MOODY'S AND FITCH REAFFIRM COMMONWEALTH'S Aa1 AND AA+ GENERAL OLBIGATION BOND RATINGS
Ratings agencies cite Patrick-Murray Administration's effective financial management through economic downturn
BOSTON - Tuesday, March 22, 2011 - Governor Deval Patrick and Treasurer Steven Grossman today announced that Moody's Investors Service has reaffirmed the Commonwealth's general obligation bond ratings at Aa1 and Fitch Ratings has reaffirmed bond ratings at AA+, citing the Patrick-Murray Administration's effective fiscal management. Moody's cited a "stable" outlook, "reflecting improving revenues and efforts to regain structural budget balance," while Fitch said, "Massachusetts' 'AA+' rating reflects considerable economic resources and a record of prudent financial management."
"The rating agencies reaffirmation of the Commonwealth's strong bond rating is welcome news," said Governor Deval Patrick. "We have worked hard to make smart choices to be able to continue to make critical investments in our schools, roads and bridges, and housing to build a stronger, lasting recovery."
Moody's and Fitch reaffirmed the Aa1 and AA+ bond ratings respectively to $438 million of Massachusetts general obligation refunding and new money bonds. The announcements follow Standard and Poor's reaffirmation on Friday of the Commonwealth's bond ratings at AA. Last month it was announced that Standard & Poor's has revised the outlook to Positive from Stable on Massachusetts' general obligation parity bonds due to the Administration's strong fiscal management. The revision to a positive credit outlook suggests that Standard and Poor's will consider upgrading the Commonwealth's bond rating in the future.

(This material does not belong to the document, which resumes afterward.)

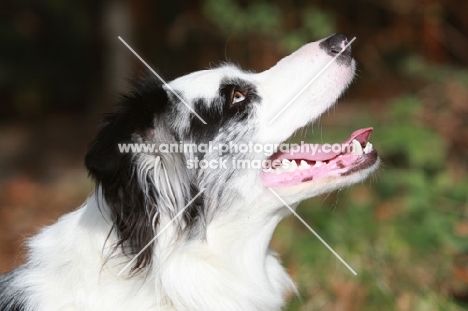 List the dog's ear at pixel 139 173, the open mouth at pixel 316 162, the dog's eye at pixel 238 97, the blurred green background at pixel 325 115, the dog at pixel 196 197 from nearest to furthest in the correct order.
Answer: the dog's ear at pixel 139 173 → the dog at pixel 196 197 → the open mouth at pixel 316 162 → the dog's eye at pixel 238 97 → the blurred green background at pixel 325 115

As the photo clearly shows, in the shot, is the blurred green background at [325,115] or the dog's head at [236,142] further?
the blurred green background at [325,115]

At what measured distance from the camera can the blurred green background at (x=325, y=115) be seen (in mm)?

"These ratings are just another confirmation that the Governor's strong fiscal management during these challenging economic times has worked," said Administration and Finance Secretary Jay Gonzalez. "We must continue to maintain or improve our high bond ratings by actively and responsibly managing our budget so we can continue to make critical investments in the Commonwealth's future."

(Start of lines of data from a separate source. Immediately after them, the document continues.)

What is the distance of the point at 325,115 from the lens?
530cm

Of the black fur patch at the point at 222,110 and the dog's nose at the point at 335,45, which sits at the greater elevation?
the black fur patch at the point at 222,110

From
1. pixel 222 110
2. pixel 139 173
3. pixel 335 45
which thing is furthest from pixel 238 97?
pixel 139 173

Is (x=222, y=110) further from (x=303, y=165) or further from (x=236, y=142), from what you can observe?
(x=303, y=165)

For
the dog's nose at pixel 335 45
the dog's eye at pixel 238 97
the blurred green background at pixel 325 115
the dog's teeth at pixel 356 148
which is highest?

"We are pleased that the rating agencies have reaffirmed Massachusetts' strong bond ratings at a time when finances in other states are facing increased scrutiny," said Treasurer Grossman. "This is a testament to the Commonwealth's willingness to face up to its fiscal responsibilities in a timely, comprehensive fashion. And it re-emphasizes the need to move ahead with pension reform and to make the state a national thought and practice leader in financial disclosures."
According to each rating agency the Commonwealth's credit strengths include:
- Effective financial management during economic downturns, particularly a willingness to promptly identify and close budget gaps through both new revenues and expenditure reductions
- Budget reserves that still provide an adequate cushion, although a reduced one, and a statutory mechanism to replenish them going forward
- High wealth and high levels of educational attainment
- The presence of large, highly-rated higher education and health care institutions in the Boston area has lent a degree of economic stability and have mitigated some job losses during recessions.
The Commonwealth has upheld an 'AA' bond rating on its General Obligation Bonds throughout the unprecedented global economic downturn. Rating agencies conduct independent assessments of the Commonwealth's creditworthiness based on relevant risk factors. The Commonwealth's ratings are based on its ability to repay fully the principal and interest of its short-term or long-term debt obligations, on a timely basis. For General Obligation bonds, ratings are based primarily on four main factors: the economy, the issuer's financial position, the issuer's current and future debt burden, and financial management.